In 2020 I sat through a SAFe training with a good instructor and walked away thinking: this is brilliant — for someone else.

We were running a 15–20 person product studio at the time. Dual-track agile. Dedicated discovery track running ahead of delivery. Product people — not just engineers and designers — deeply involved in shaping what got built before a line of code was written. We shipped well. Clients trusted us. The work was good.

SAFe felt like a framework designed for the org chart we’d never have. Agile Release Trains. Program Increment planning. Value streams. All of it made sense in the abstract and felt like overhead in practice. I didn’t finish the certification. I didn’t think I needed it.

What we mean by these terms

Spec-first development is a delivery methodology in which every user journey is mapped, every screen is defined, and human sign-off is obtained before any code is written or any AI agent is given a brief. The spec is the primary coordination artifact — not the working prototype.

A coordination layer is the set of explicit specs, defined handoffs, and human review gates that governs how multiple actors — human or AI — align on intent, sequence their work, and validate outputs before proceeding. In an AI-native workflow, the coordination layer does the work that team culture used to do when teams were small enough for proximity to cover for process.

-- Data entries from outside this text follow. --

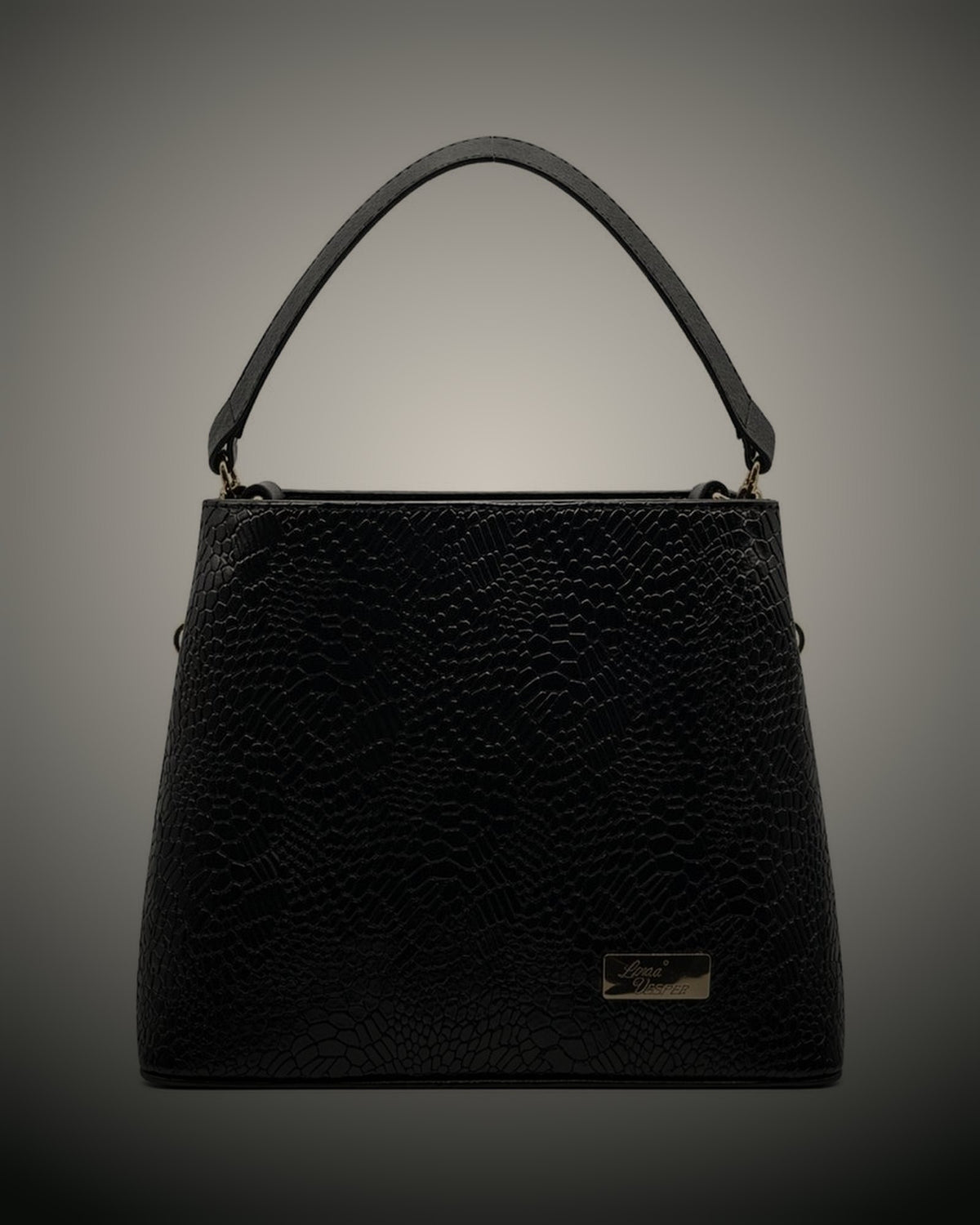 Bolso Amaranta de Luna Vesper: cuero negro grabado, asa superior y la placa de la casa, sobre un fondo de estudio en penumbra.
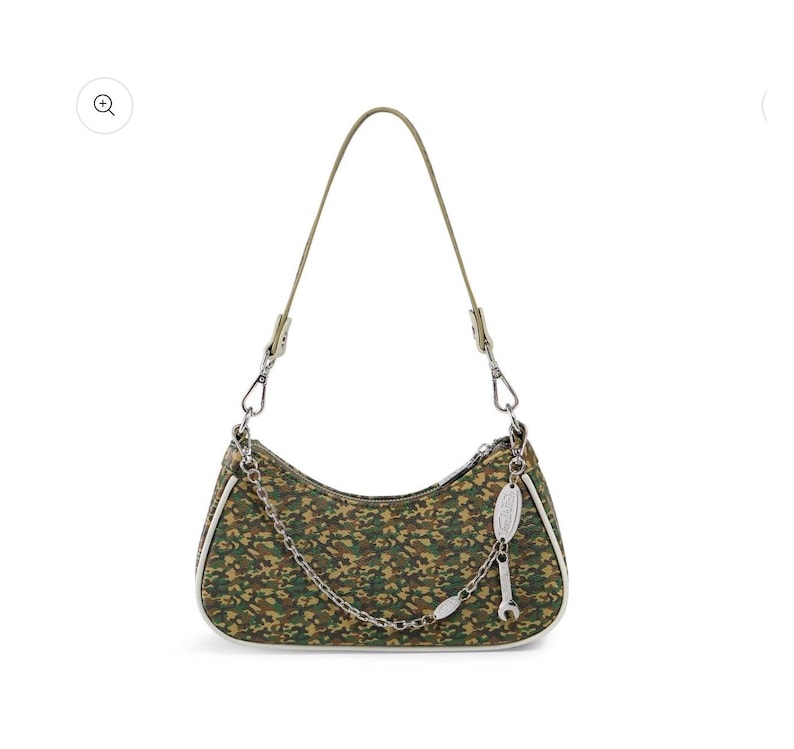 May include: A green and brown camouflage print shoulder bag with a silver chain and a small wrench charm. The bag has a white trim and a thin olive green strap.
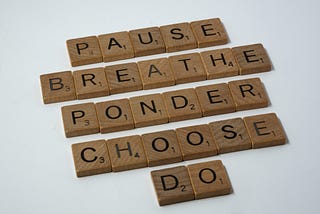 Wooden tiles spelling out the words pause, breathe, ponder, choose, do.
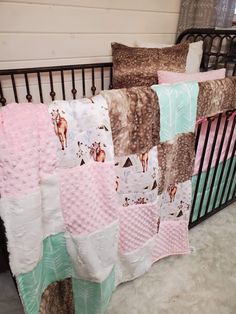 a baby crib with several blankets on it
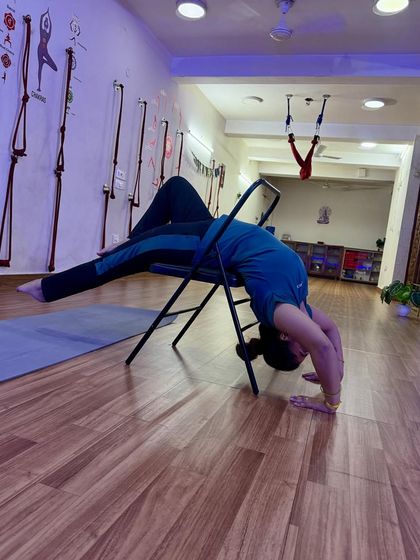 Finding the perfect alignment in a chair-supported backbend, with a yoga mat for extra cushioning.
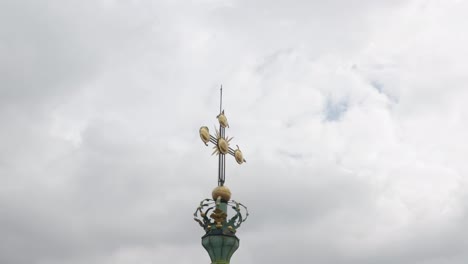 Aerial-drone-view-footage-of-Latin-Cathedral-church-dome-in-city-Lviv-Ukraine,-cloudy-sky-background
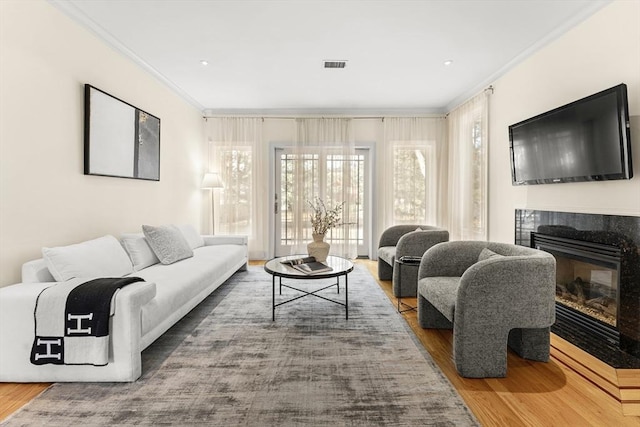 living area featuring wood finished floors, a fireplace, visible vents, and ornamental molding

I was right about that. I was completely wrong about why.

§

The certification I didn’t finish

What I missed is that SAFe was never about team size.

SAFe was about the coordination problem — what happens when multiple actors with different contexts, moving at different speeds, need to converge on a shared outcome without stepping on each other or building in the wrong direction.

Large enterprises had that problem because they had hundreds of people. We didn’t have it because we had 15. The problem was proportional to the team, and our team was small enough that alignment happened through proximity and culture rather than process.

Then we added AI agents.

§

What I missed

Here’s what nobody in the “AI will 10x your productivity” conversation is being honest about.

The productivity gains are real. But the teams that are not seeing those gains? They bolted AI onto broken or uncoordinated workflows. And they got faster chaos.

40%
of agentic AI projects will be cancelled by end of 2027 — not because the models aren’t capable. Because of escalating costs, unclear business value, and inadequate risk controls. That’s not a technology failure. That’s a coordination failure with a technology label on it. (Gartner, 2025)
§

The productivity gains nobody’s honest about

McKinsey research from late 2025 found that top-performing AI software teams — the ones seeing quality improvements of 30–45% and real time-to-market gains — weren’t just adding AI tools to existing workflows. They were embedding AI across the entire development lifecycle. Spec to deployment. Not just code generation.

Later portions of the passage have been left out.